The historian Taras Honcharuk pointed out that there were some Russian-funded monuments in the city that commemorated people who had nothing to do with Odesa’s history.
One example is Vladimir Vysotsky, an actor, singer and poet who addressed forbidden topics during the Soviet era despite strict censorship. Honcharuk said that a monument to Vysotsky near the Odesa Film Studio had been removed in December.
“He was a Moscow actor known throughout the Soviet Union, but he only played one role in Odesa.”
Honcharuk said that many well-known Ukrainians had had a lasting impact on the city and deserved to be commemorated. Some worthy candidates he mentioned indluded the Ukrainian film director Oleksandr Dovzhenko, who shot his first films in Odesa and is regarded as the founder of poetic cinema, or Les Kurbas, one of the most important representatives of the Ukrainian avant-garde, or the Ukrainian writer Yuri Yanovsky, who once described 1920s Odesa as a “Ukrainian Hollywood on the Black Sea.”
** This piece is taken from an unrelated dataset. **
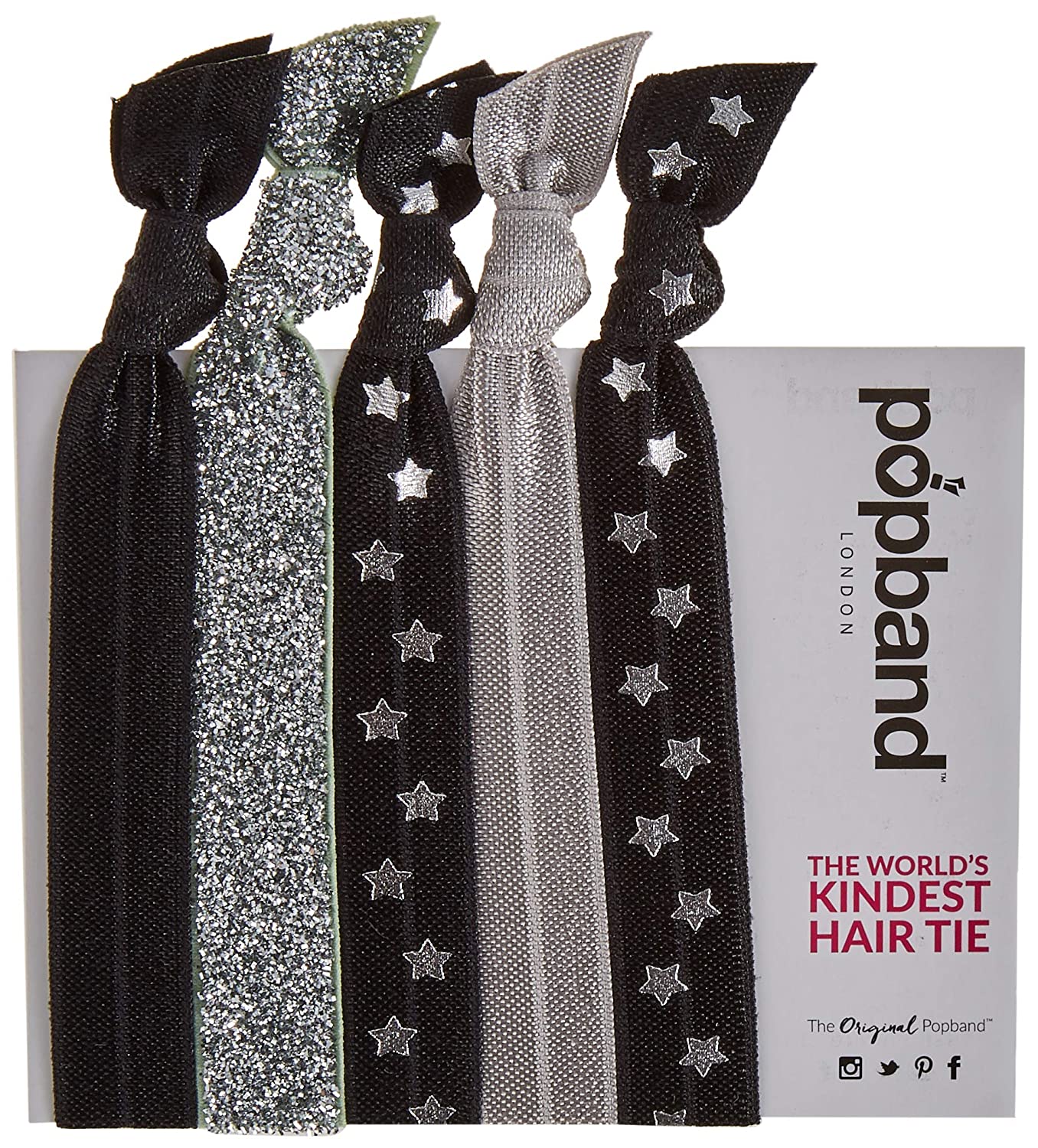 Popband Printed Ponytail Holders Pack of 5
‘The pride of Odesa culture’
Opponents of the “decolonization” process say that Odesa’s cultural heritage is being destroyed. The journalist Leonid Shtekel has been organizing protests, criticizing the renaming of streets named after the Soviet writers Valentin Kataev, Ilya Ilf, Isaac Babel and Konstantin Paustovsky particularly.
“These are people who were the pride of Odesa culture,” he said.
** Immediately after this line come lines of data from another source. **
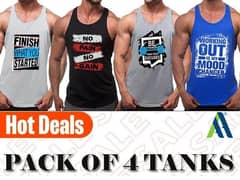 Men's Summer Gym Tanks Pack of 4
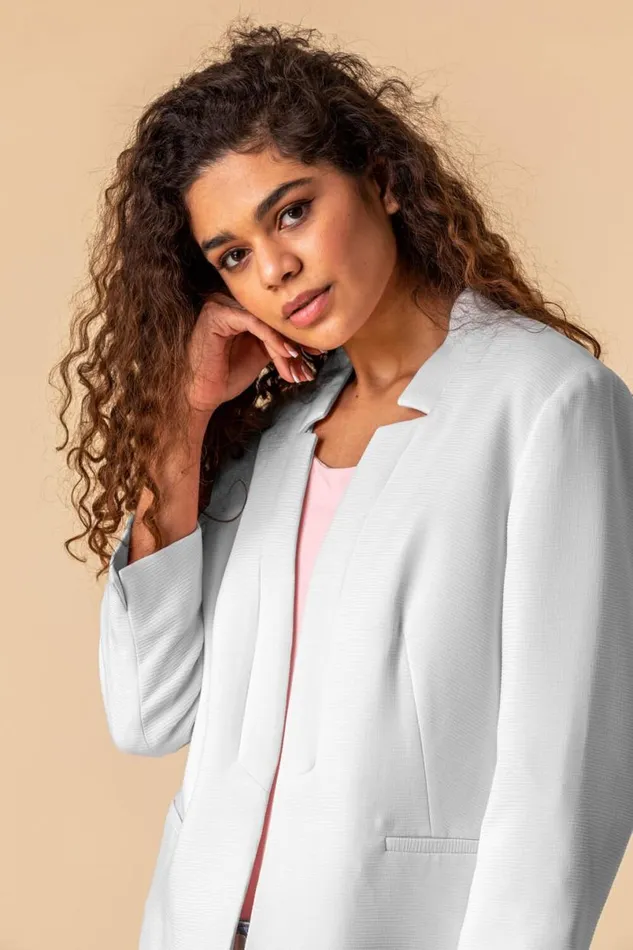 Ivory 34 Sleeve Textured Notch Neck Jacket Women Roman Jackets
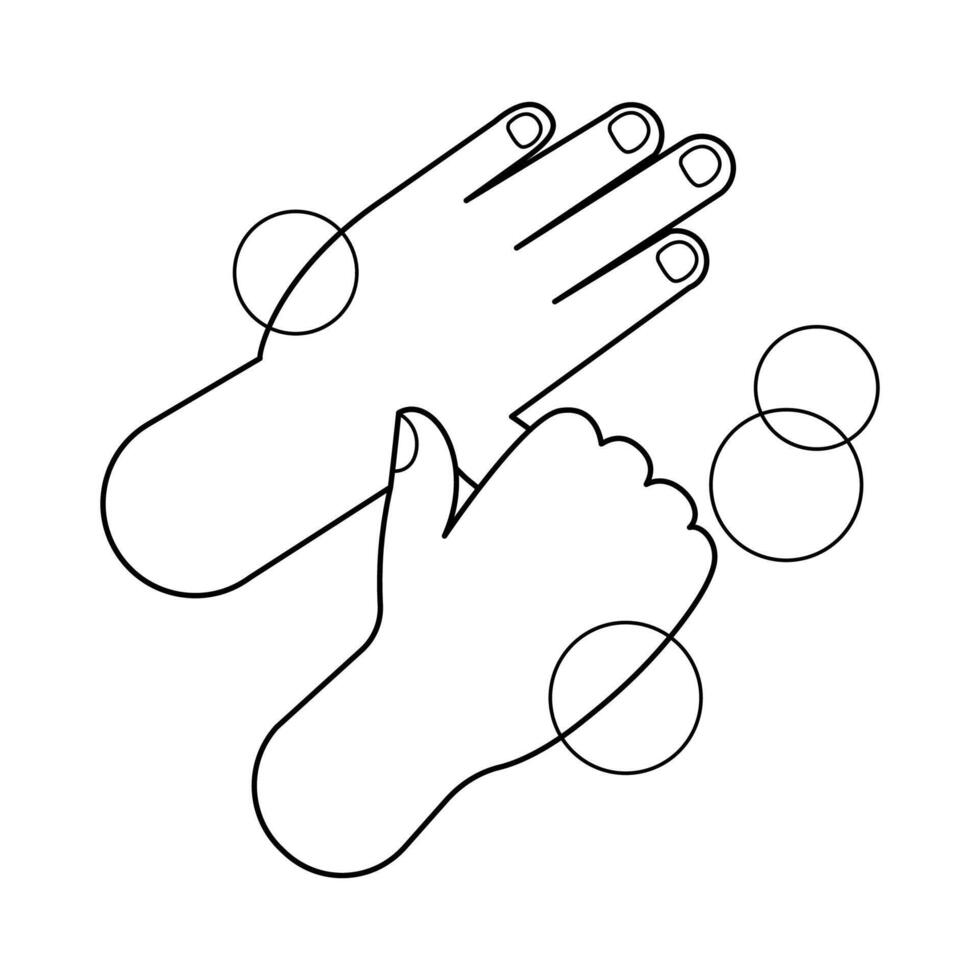 hand washing with soap bubbles, hand wash outline, hand wash cartoon art line cute for coloring worksheet vector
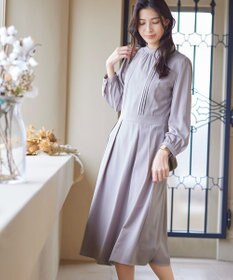 Tiaclasse 【洗える】ハイネックピンタックワンピース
But they all fall under the “decolonization” law, say the members of the working group. Kartashov points out that Babel, who was born in Odesa to Jewish parents, fulfilled all the possible criteria and had himself written in the foreword of his book “Red Cavalry” that he had served in the Cheka, the first Soviet secret police organization.
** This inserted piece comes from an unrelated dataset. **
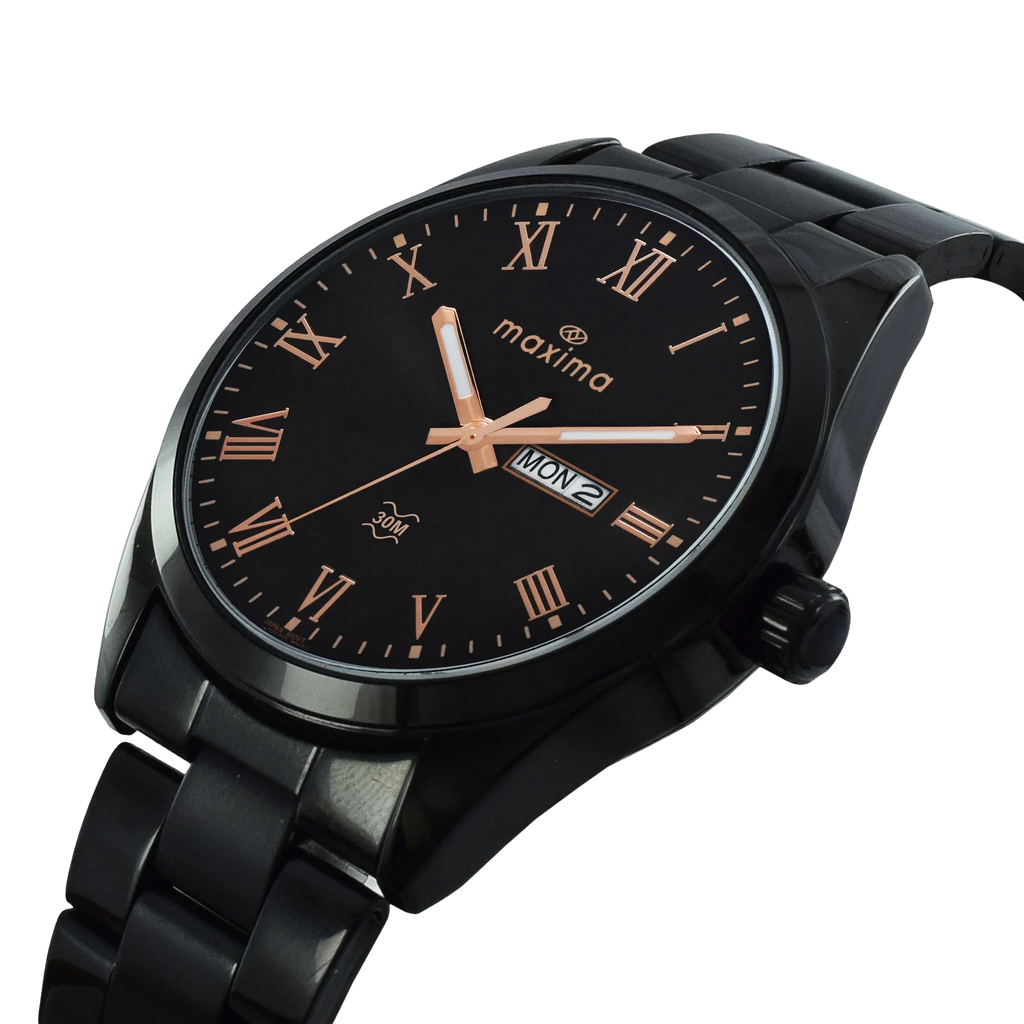 Maxima Apex Black Dial Stainless Steel Strap Men's Watch 71584CMGB - view 2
“He glorified the Soviet authority that established itself on the territory of Ukraine, and he persecuted members of the Ukrainian independence movement in the 20th century.”
Babel’s claims that he worked for the Cheka are disputed. The writer was himself arrested by the secret police in 1939 and executed the year after.
After the removal of monuments, the idea is to keep and display them in museums or as part of exhibitions, said Kartashov. He said that they should no longer be used for purposes of “glorification” and that instead, people whom “imperial and Soviet propaganda once tried to wipe out” should be commemorated in Odesa.
He added that monuments to people involved in today’s war would replace those to Soviet generals.
The critics of “decolonization” also say that Odesa’s famed multiculturalism is at risk of being overlooked by the renaming of street names. Others say the process offers new opportunities to highlight the city’s multicultural past.
“Odesa flourished when it was a multicultural city, but then it became exclusively Russian-speaking,” said Svitlana Bondar of the Institute for Central European Strategy, a Ukrainian think tank founded in the western Ukrainian city of Uzhhorod in 2019.
Bondar said that there were now many more streets named after people from ethnic minorities. “With decolonization, Odesa’s multiculturalism, which was lost during the Soviet era, is coming to light.”
This article was originally written in Ukrainian.